Local application totals should surge, as well, based on the brisk business instructors have reported in their concealed-carry courses. Illinois requires applicants to complete a 16-hour training course before accepting their applications.
Monday marked the first day the public could shoot at the High Caliber Training Center and Indoor Range, and at one point, every lane of the Urbana facility was full, owner Tim Murray said.
A state-certified instructor, Murray said about 200 people have completed his concealed-carry course since the fall — and there has been no sign of slowing down.
"It's been pretty steady — even with the weather," Murray said.
It's the same story with Dan Auterman's Vermilion Valley Regional Training Group, which will host its largest class this weekend. Auterman usually limits classes to 17 students but opted to extend it to 21 — just to accommodate his waiting list.
Auterman is now scheduling people as far out as April.
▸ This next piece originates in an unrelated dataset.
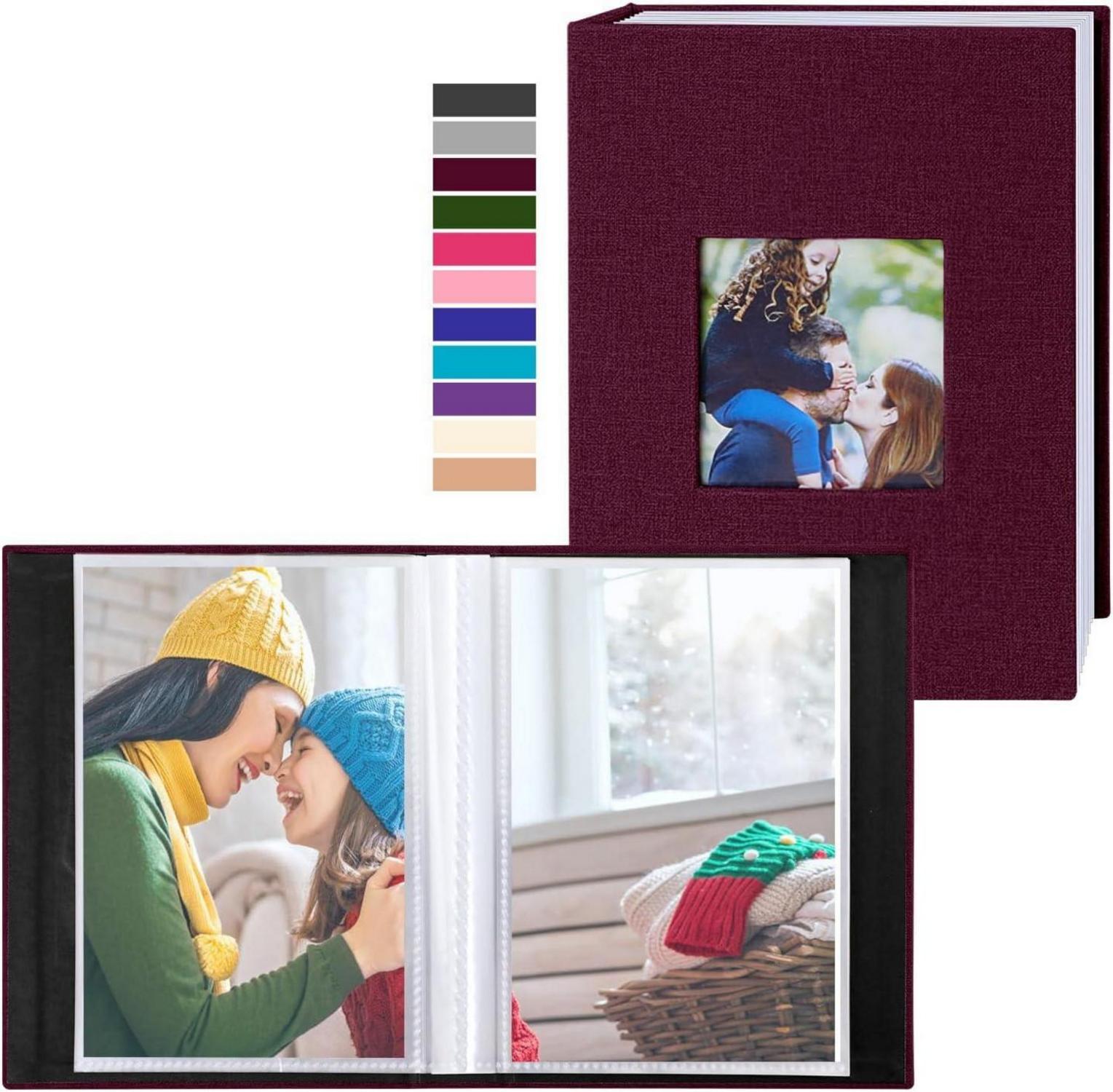 Fotoalbum 10x15 Leinen Einsteckalbum für Hochformat Violett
He believes more applicants are turning up now because the weather will be improving soon.
That can't happen soon enough, as far as Auterman is concerned. The only complaint he has had so far: that the shooting range is too cold. It was 2 degrees at the outdoor range during one of his classes this past month.
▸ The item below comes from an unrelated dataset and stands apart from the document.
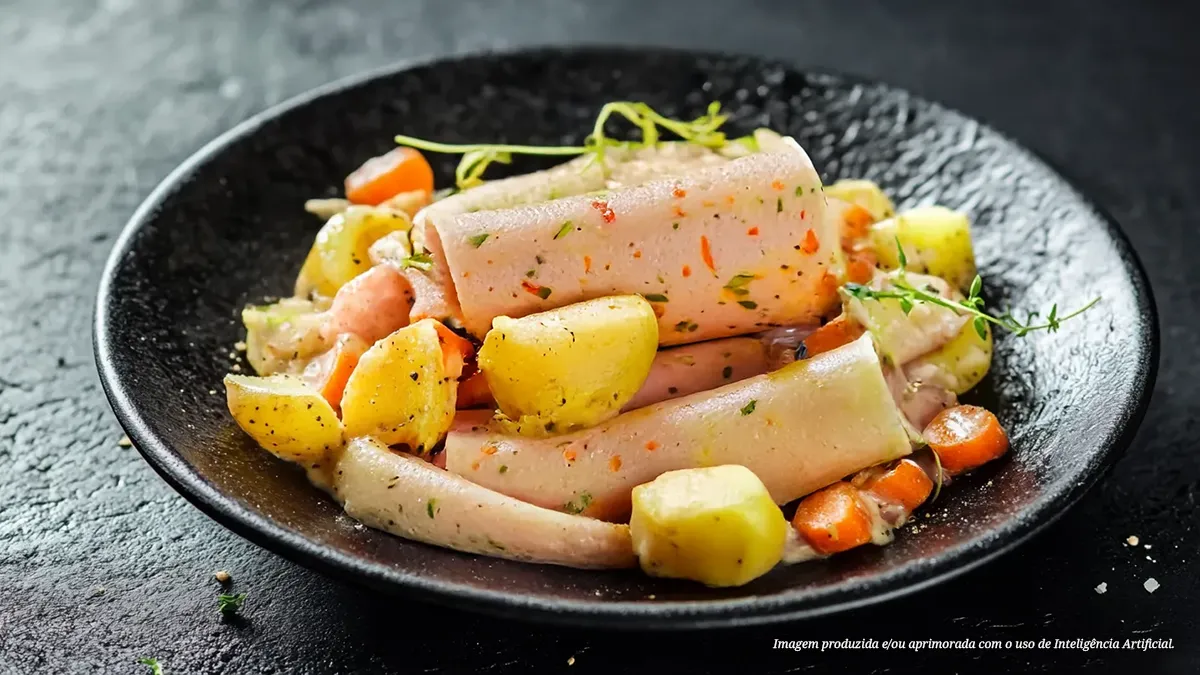 Salsichão com picles Hans com salada de maionese cremosa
Paul Nurmi, an instructor from Mahomet, warns his students ahead of time to dress warmly for range shooting days like Monday.
"We were all pretty cold," said Nurmi, who gave out hand warmers and kept two vehicles running the whole time, so his students could warm up if they needed.
Nurmi purposely limits his classes to 10, so he can have more control. He said he's had 30 people complete his course already and has his next two classes filled.
Jim Sandquist, an instructor with Crossline Defense in St. Joseph, said 130 students from various counties have completed their course, which has been held almost every weekend since the end of November.
"It's been a real steady stream," said Sandquist, who added that there was a rush at first from those who wanted to get their permits right away. He said others have waited to see if the state's application process would get off the ground in early January.
The instructors agree: The large majority of students coming through their courses will make responsible firearms carriers.
"They want to be able to protect themselves and their families, and I haven't seen any coming through with a big bravado attitude," Auterman said.
Nurmi said all of his students have been able to qualify in the shooting component of the course. In Illinois, applicants must pass an accuracy exercise by shooting 10 rounds at 5 yards, 10 rounds at 7 yards and 10 rounds at 10 yards.
Sandquist said the vast majority of his students have had experience with guns and know how to handle them properly. But he said he refused to pass a few students didn't display safe operating skills with a handgun.
For instance, he said, some couldn't keep their finger off the trigger, or they didn't present their firearm in the proper way.
"It's not just about hitting the target," Sandquist said.
Nurmi said about 40 percent of his students reported that they either don't plan to conceal-carry or haven't decided. Sandquist said about half of his students want to conceal-carry — but only in their vehicles.
"They just want to exercise their constitutional right," he said.
Sandquist has also had students who have told him they had no idea about the legal responsibility that goes with concealed-carrying — and decided not to even apply for a permit.
"It might be the best money they ever spent if they took the class and realized they shouldn't do it," he said.